Data provided>
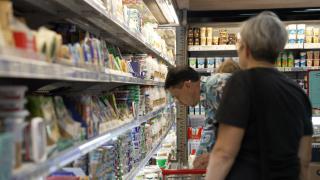 La cât ar putea ajunge EURO după criza politică. Ne aşteaptă rate mai mari şi scumpiri la alimente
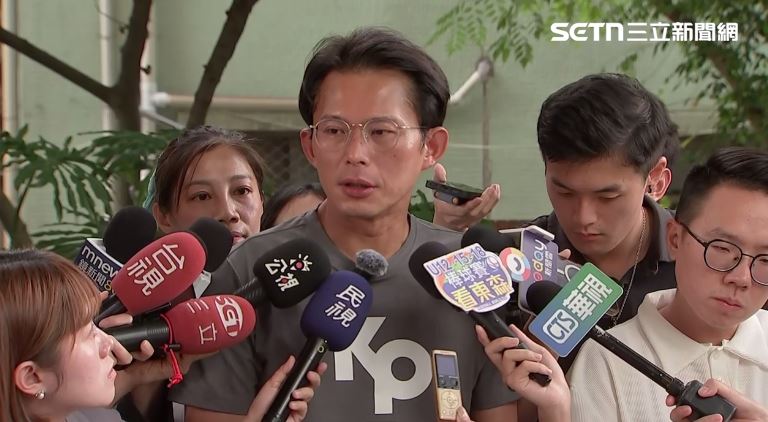 對於交保後黨主席之位是否交還給柯文哲？黃國昌說，不必見縫插針。（圖／翻攝畫面）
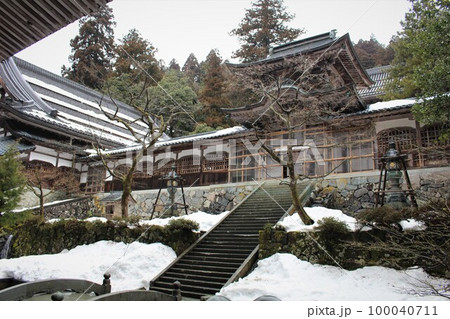 雪の永平寺　　福井県　永平寺町　北陸 100040711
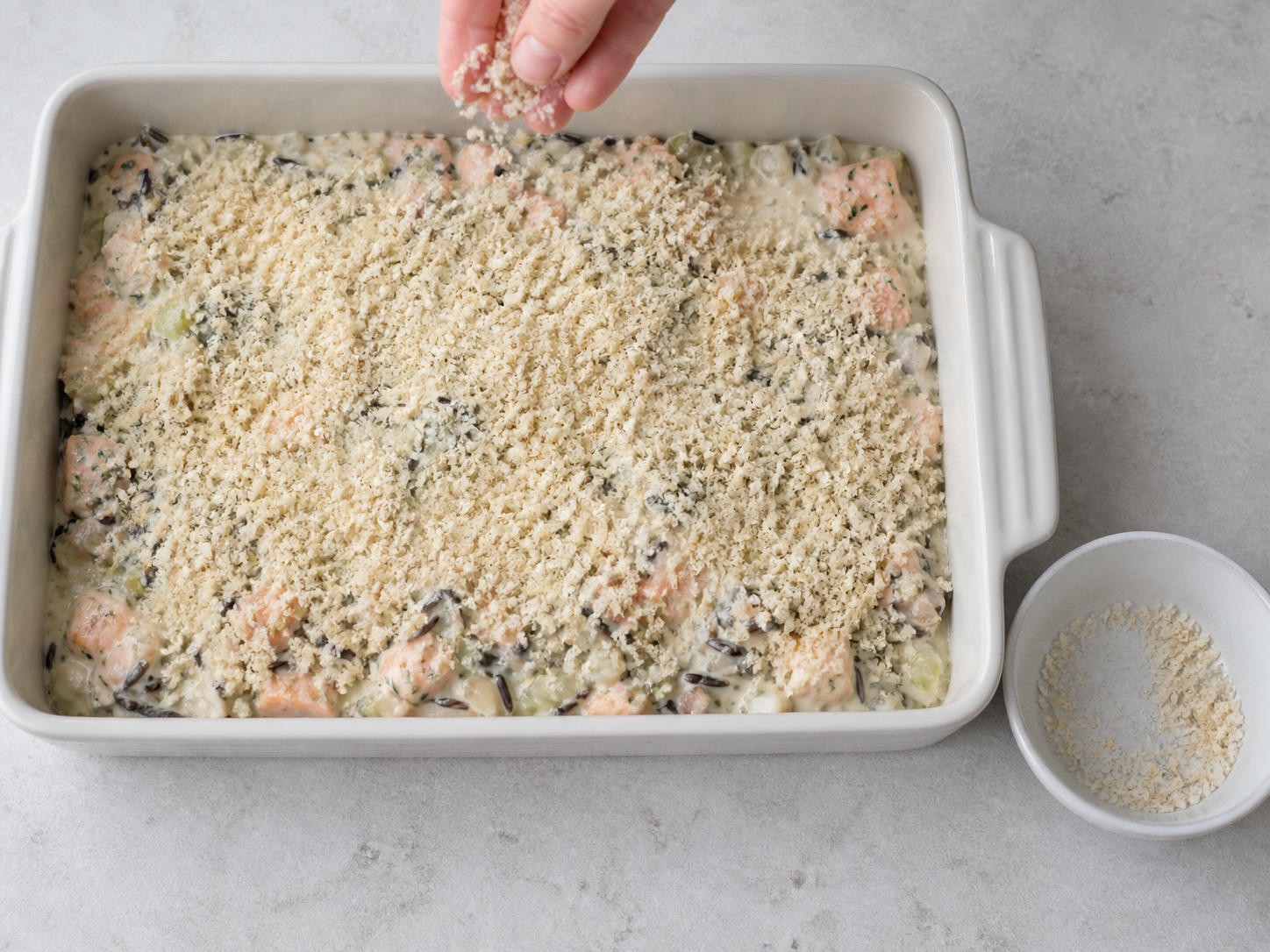 Canadian Salmon at Wild Rice Casserole — Budburan nang pantay ng dinurog na tinapay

About this exercise>
Exact copy required, pictures excluded: the lines from the one holding "對於交保後黨主席之位是否交還給柯文哲？黃國昌說，不必見縫插針。（圖／翻攝畫面）" through the last line of the data, both ends included.

Your response>
 對於交保後黨主席之位是否交還給柯文哲？黃國昌說，不必見縫插針。（圖／翻攝畫面）
 雪の永平寺　　福井県　永平寺町　北陸 100040711
 Canadian Salmon at Wild Rice Casserole — Budburan nang pantay ng dinurog na tinapay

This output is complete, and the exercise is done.